The only real issue is size. Shooting easily with the equivalent of a 300 f2.8 puts the relative weight into perspective, but the size is an issue for street shooting. Not only do I draw attention even just nursing the lens in the crook of my arm, but using it rarely goes unnoticed. I have even found the 75mm a little too big to slip by, but the zoom is just too obvious. Not how I work.
For pro work it is perfect, but I am not intending to do that again, so it's role now looks to be events (not common and the 75-300 is capable here), landscape (even rarer) and spontaneous images around the house, which is a bit like swatting flies with a shotgun.
The main point I have gleaned from this train of thought?
I can probably function perfectly well, and possibly more contently, without either of the two premium lenses above.
Firstly; I have always liked lesser gear that punches above it's weight.

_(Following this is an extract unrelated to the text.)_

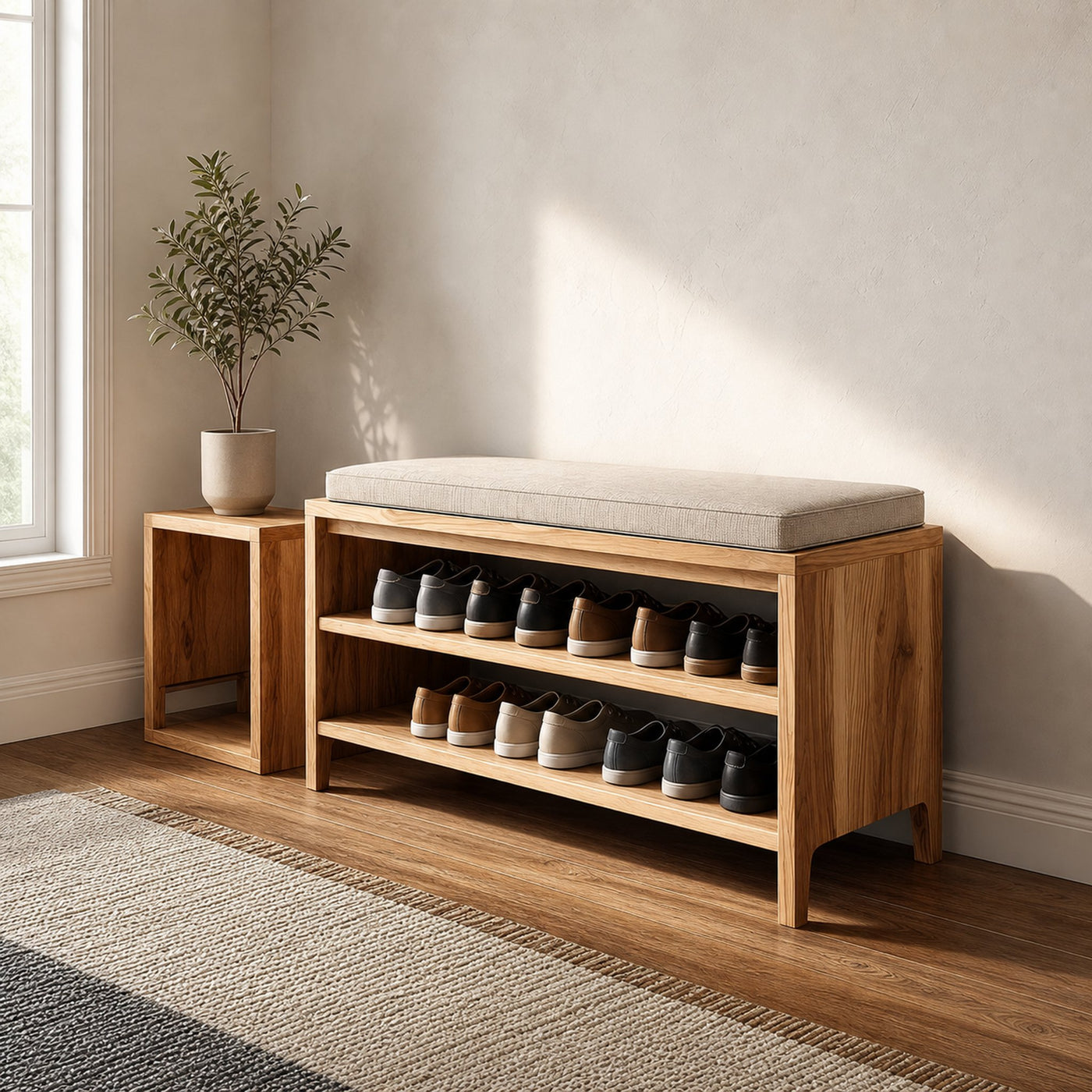 Midcentury Shoe Rack Bench Entryway Storage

When I shot Canon, my most satisfying purchases where; The 35 f2 EF (old), 28 f1.8 usm, 70-200 f4L non IS, 85 f1.8 and 400 f5.6L non IS, mounted on crop frame "100" series cameras for the most part (see a pattern there?). None of them were technically the best in their class, or the most advanced designs (all date back to film era designs), but each of them produced images every bit as good as lenses twice or more times their price. What I love about the newer gear is this is even more pronounced. Yes, the latest wonder cameras and lenses are, well, wonderful, but the most basic modern kit is streets ahead of even some premium gear of the past. I am surprised how many of my favourite images have been taken with my cheaper glass and on older cameras.
Secondly; I have been having an almost anti sharpness reaction lately**. One of my favourite image makers when starting out was a fellow named McDuff Everton. His signature look was a simple and clear vision and equally clear images. Usually leaning toward panoramic travel/landscapes, his shots took the viewer to the place, but the thing that really stuck with me was the lack of "Ansel Adams" like super sharpness. His images lost nothing in their power by being smooth and gentle rather than brittle or too obviously sharp. That is not to say the gear I will be using is not capable of razor sharp images, but none of the lenses with distract me with thoughts of hunting supreme technical heights. They will simply provide pro grade images with minimum fuss and bravado.
Each lens in my bag will have character over all other considerations. The 17mm renders very natural looking street images. The 25mm is the versatile "one lens only" lens, with useful close focus. The 45mm is for "bokeh" heavy portraits or low light and the 75-300mm has reach. There will also be a useful little 14-42 hanging around just in case. This kit also sits well with my current disinterest in gear and photographic over analysis.
In a day or two, the buyer will make up his/my mind for me. Until then I can run scenarios through my head, but I think I know where I am going. Less is actually more.
*The fact is, when looking for sample images from these three lenses, I often had to check their meta data to be sure I was representing them accurately!
** Working part time in a book shop has been eye opening for me. Tasmania has a lot of great landscape shooters, many with decades of experience. The trend lately, not just here, is to print books with obvious digital over sharpening and equally over saturated colours. I have seen horrifyingly over worked images from local photographers all the way to the later printings of books like "Ansel Adams in Color", a book I have a superior 1980's version of and the work of others such as Steve McCurry. Not always their fault, but even if down to the printer, the trend is worrying.